In a sense, that is what makes us so blind to the follies of our civilization and its decisions. We expect to be deceived, and we expect our efforts to seed change to fail, deep within our bones. As a part of the American tradition, we were done the disservice of being kept sheltered in a world increasingly more connected. In folly our caretakers and institutions tried nobly to coddle and protect us, yet in the process they forgot to convey the reality of the world their actions had created. They knew that there would be events that would splash over to us, yes, but for them, nothing was quite as unexpected as something so local. Such an instant was so unexpected our elders had never thought to prepare themselves for it, let alone their children, and thus when it happened my naive generation was shell-shocked into immobility. 

Frozen and fetal still, what will happen to us? Our elders have forgotten, or maybe they just didn't figure out that we never learned to see the world the way they did? Maybe that's the mistake: we were taught that things are supposed to be easy by people who knew they wouldn't be. The self-mantra of creating illusions for our children can deceive us too.
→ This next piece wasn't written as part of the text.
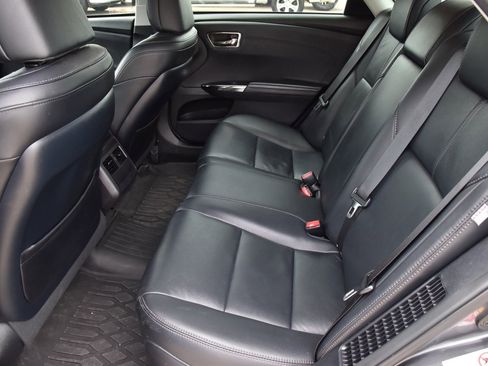 Used 2018 Toyota Avalon XLE Premium image 11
By devoting themselves so fully to forming a reality that they should have known to be untrue as a byproduct of their experience, our leaders, parents, and teachers betrayed their own lack of judgment, their own capacity for being deceived. After learning that our elders could be wrong to the point of fatal vulnerability and embarrassing contradiction, in an instant everything they had taught us to believe seemed questionable.

I feel a profound loss, even in forgetting. It is at a depth which I may fail to ever comprehend because it is core to the way my generation came into the world. That loss is the void of an imaginary world that only existed within us, a vanishing magnified by the fear and chaos of seeing the inevitable truth in our elders' eyes before we were meant to see it for ourselves. So as our country wonders why day after day, as the world moves on, we can complacently take to the merciless beat of change remaining still and untouched, we know that this is because September 11th is a day that has never ended.

So now each member of my generation makes a choice: we either try to preserve the false world that we thought was real or we try to fight to change the real, flawed world into a better one. In that, there is the difference between a child and an adult. However, it is our fear that leads us to the current state of insensitivity and passive nonchalance in the face of incredible adversity. That's the one undeniable legacy we have been left by September 11th, but it can't make us forget the inate ugliness of the world and the need for a response.

Just days ago, the Bureau of Labor Statistics announced that "the share of young people who were employed in July was 48.8 percent, the lowest July rate on record for the series, which began in 1948." Undoubtedly, this is not something that can last for long. Perhaps our elders believe that if this is an unjust burden, it is our conventional duty as American youth to struggle to change it: "God helps those who help themselves." Or maybe, out of greed or ignorance, those with power have forced this situation onto us. Perhaps this passes with time, whether the plans of the powerful succeed or fail. Or perhaps nothing will change, and the current lack of coherent outcry from my generation has already written off our ability to fix it.

Either way, I think we know that at some point we will have to wake up from our fetal sleep to protect our place on the shrinking American hill. We have already seen the island collide with reality, perhaps more vividly than any generation of recent decades. Time will tell whether we are an exceptionally stillborn or profoundly aware generation as a result of September 11th: we might not seem like the conscious, proactive generations of years past, but I can still hold out hope for us yet. Whether we remember the day that never ended or not, its lesson has taught us something that we will always carry with us: in this world, things happen the hard way.